◆ **WORK ITEM**: Pictures should be left out while the data beneath this task is written out word for word.
───── EXERCISE INPUTS ─────
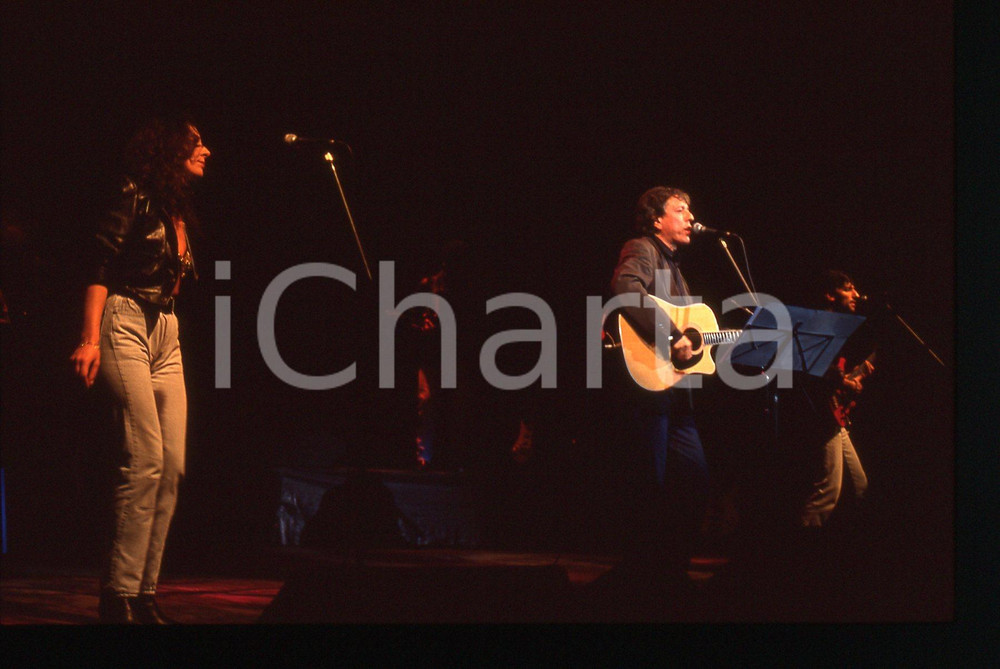 35mm vintage slide* 1985ca ITALIA MUSICA Mario LAVEZZI Giulia FASOLINO Live 5 Diapositiva d'epoca, in formato 35 mm. CONDIZIONI: GOODE' severamente vietata la riproduzione. Tutti i diritti sono riservati. ICharta mette in vendita, sul negozio eBay e in esclusiva sul sito "icharta" il proprio archivio composto da numerose diapositive e negativi fotografici d'epoca, tutti originali e autentici, che attraversano la storia del costume italiano tra gli la fine degli anni Sessanta e Novanta.Si tratta di uno sguardo inedito sull'attualit&agrave;, la politica, la vita quotidiana, il gossip e la cultura, che fotografa il cambiamento della nazione in quest'ultimo scorcio del XX secolo. Un'occasione unica per il mercato del collezionismo, che vede finalmente disponibile un archivio eccezionale per vastit&agrave;, tematiche e condizioni, in un settore (il negativo fotografico e la diapositiva) di assoluta novit&agrave; e dalle interessanti prospettive di investimento.  originale e autentica 1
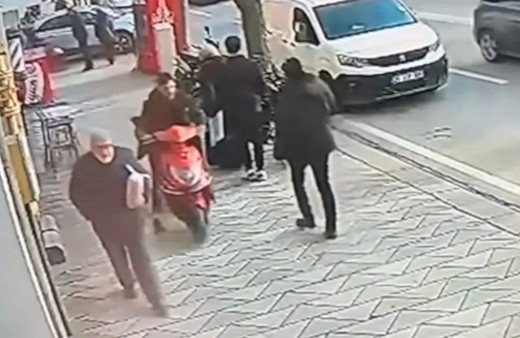 Elektrikli bisikletiyle üst üste kaza yapan kişi kameraya yansıdı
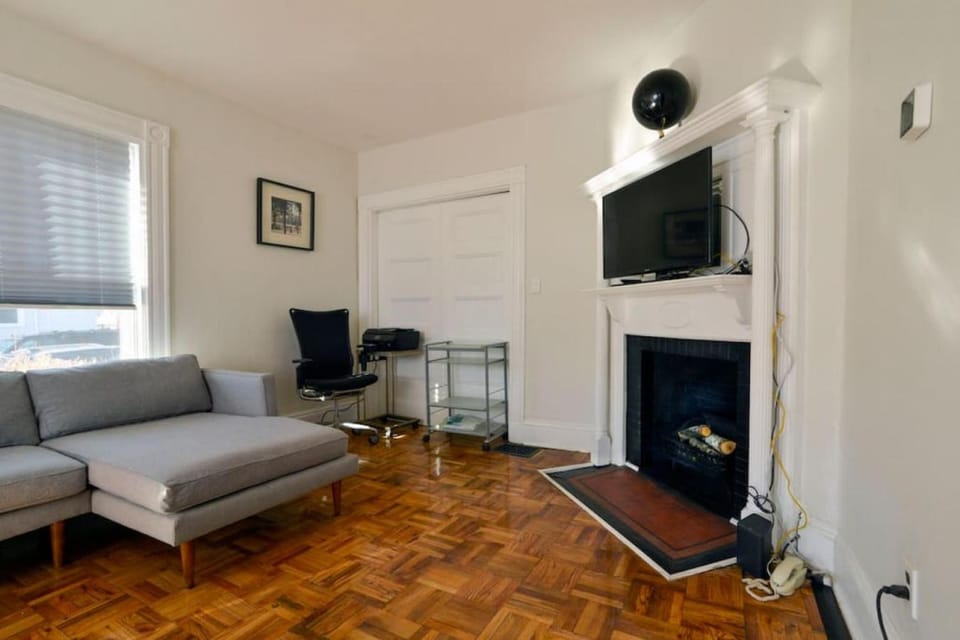 Boston Historical Urban Oasis - 6 bedroom 3 bath House in Allston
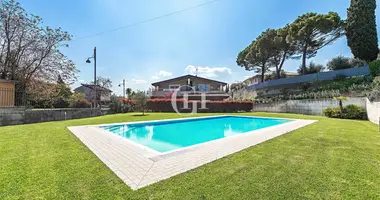 2 bedroom apartment in Moniga del Garda, Italy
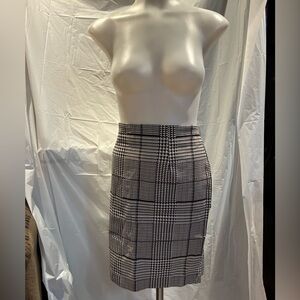 Dalia skirt size 6 excellent condition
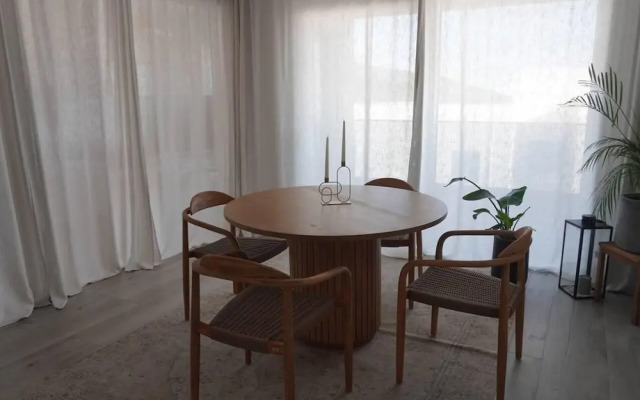 Cozy Loft Studio With Rooftop, Seaview & Pool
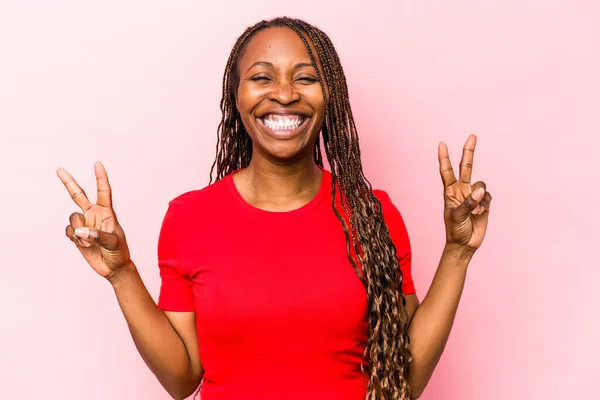 Jonge Afrikaanse Amerikaanse Vrouw Geïsoleerd Roze Achtergrond Tonen Overwinning Teken — Stockfoto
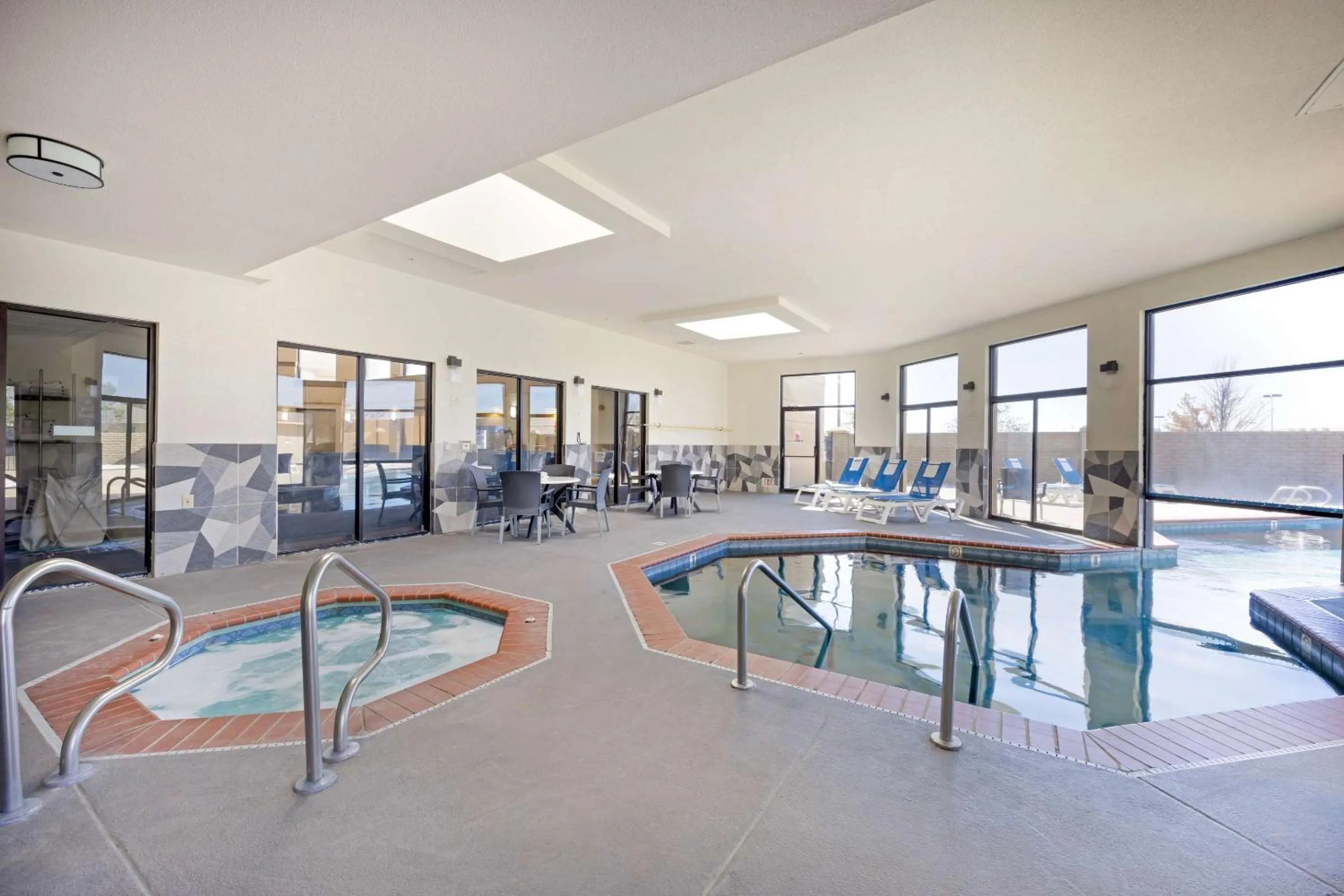 Swimming pool in Comfort Inn & Suites Wichita Northeast
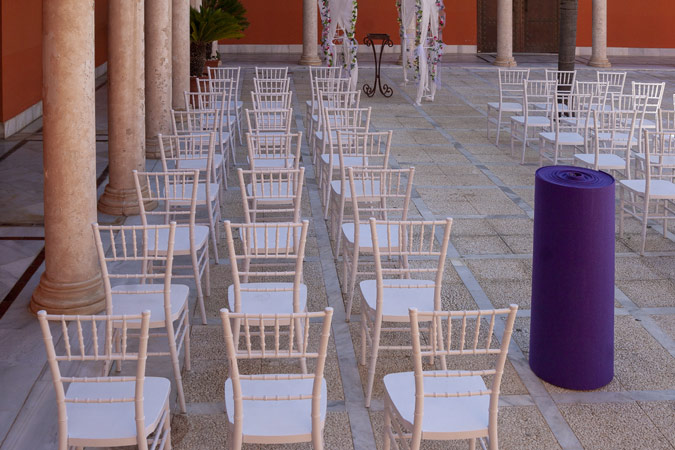 Rollo de moqueta ferial violeta para eventos y bodas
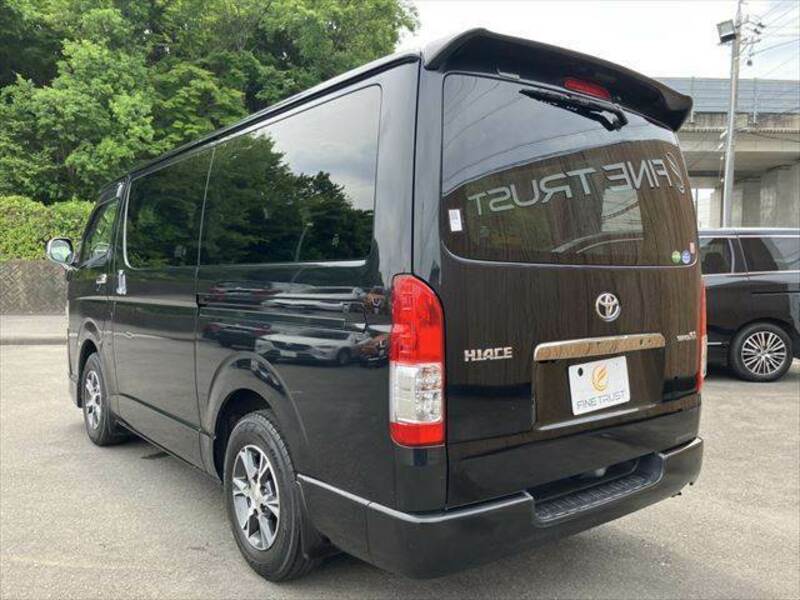 HIACE VAN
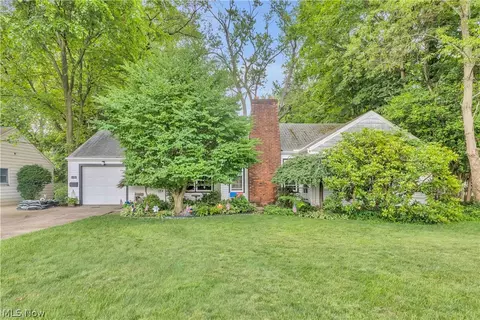 21757 Mastick Rd, Fairview Park, OH 44126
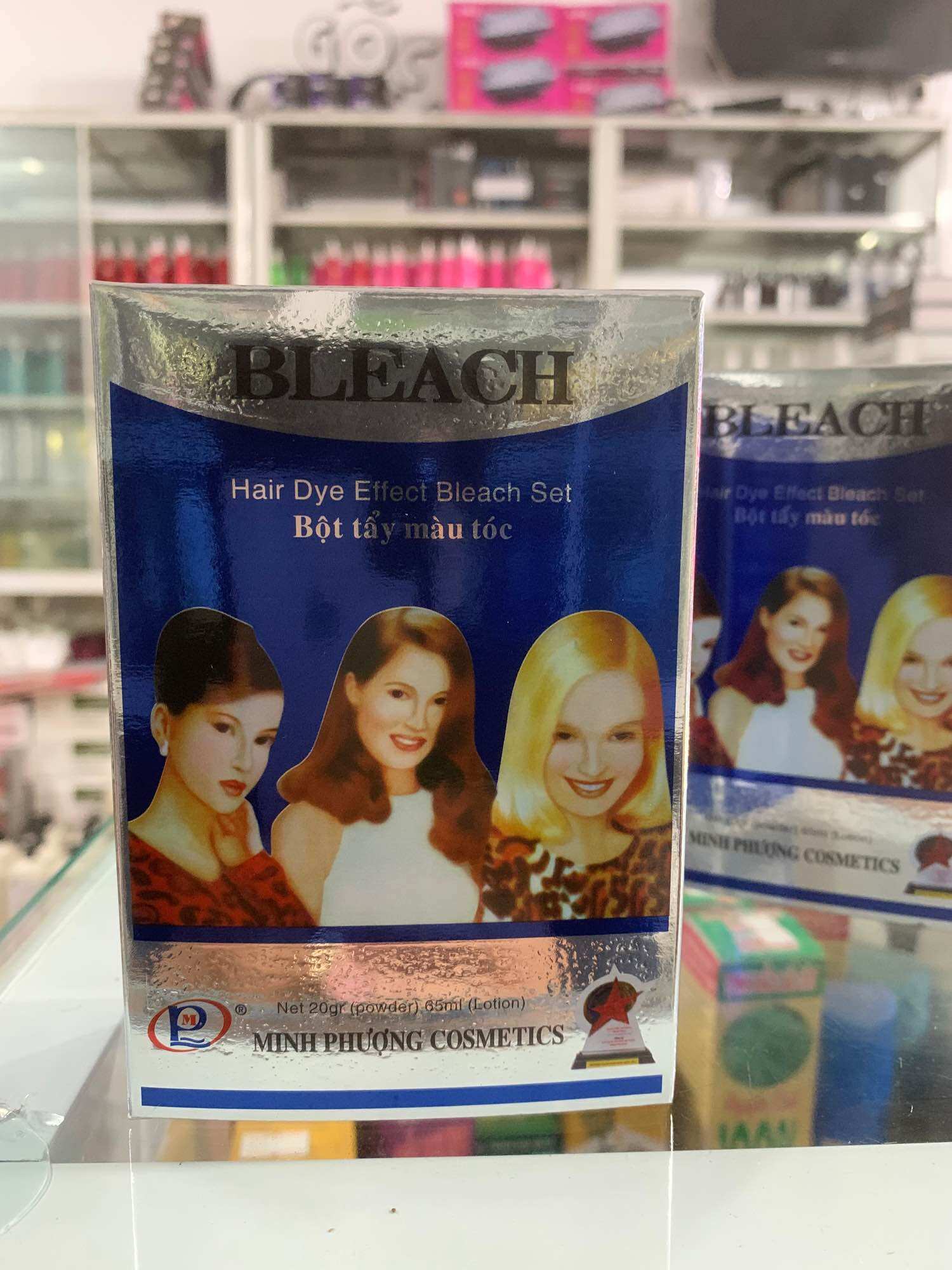 Bột tẩy tóc Minh Phượng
─────
◆ **WRITTEN REPLY**:
 35mm vintage slide* 1985ca ITALIA MUSICA Mario LAVEZZI Giulia FASOLINO Live 5 Diapositiva d'epoca, in formato 35 mm. CONDIZIONI: GOODE' severamente vietata la riproduzione. Tutti i diritti sono riservati. ICharta mette in vendita, sul negozio eBay e in esclusiva sul sito "icharta" il proprio archivio composto da numerose diapositive e negativi fotografici d'epoca, tutti originali e autentici, che attraversano la storia del costume italiano tra gli la fine degli anni Sessanta e Novanta.Si tratta di uno sguardo inedito sull'attualit&agrave;, la politica, la vita quotidiana, il gossip e la cultura, che fotografa il cambiamento della nazione in quest'ultimo scorcio del XX secolo. Un'occasione unica per il mercato del collezionismo, che vede finalmente disponibile un archivio eccezionale per vastit&agrave;, tematiche e condizioni, in un settore (il negativo fotografico e la diapositiva) di assoluta novit&agrave; e dalle interessanti prospettive di investimento.  originale e autentica 1
 Elektrikli bisikletiyle üst üste kaza yapan kişi kameraya yansıdı
 Boston Historical Urban Oasis - 6 bedroom 3 bath House in Allston
 2 bedroom apartment in Moniga del Garda, Italy
 Dalia skirt size 6 excellent condition
 Cozy Loft Studio With Rooftop, Seaview & Pool
 Jonge Afrikaanse Amerikaanse Vrouw Geïsoleerd Roze Achtergrond Tonen Overwinning Teken — Stockfoto
 Swimming pool in Comfort Inn & Suites Wichita Northeast
 Rollo de moqueta ferial violeta para eventos y bodas
 HIACE VAN
 21757 Mastick Rd, Fairview Park, OH 44126
 Bột tẩy tóc Minh Phượng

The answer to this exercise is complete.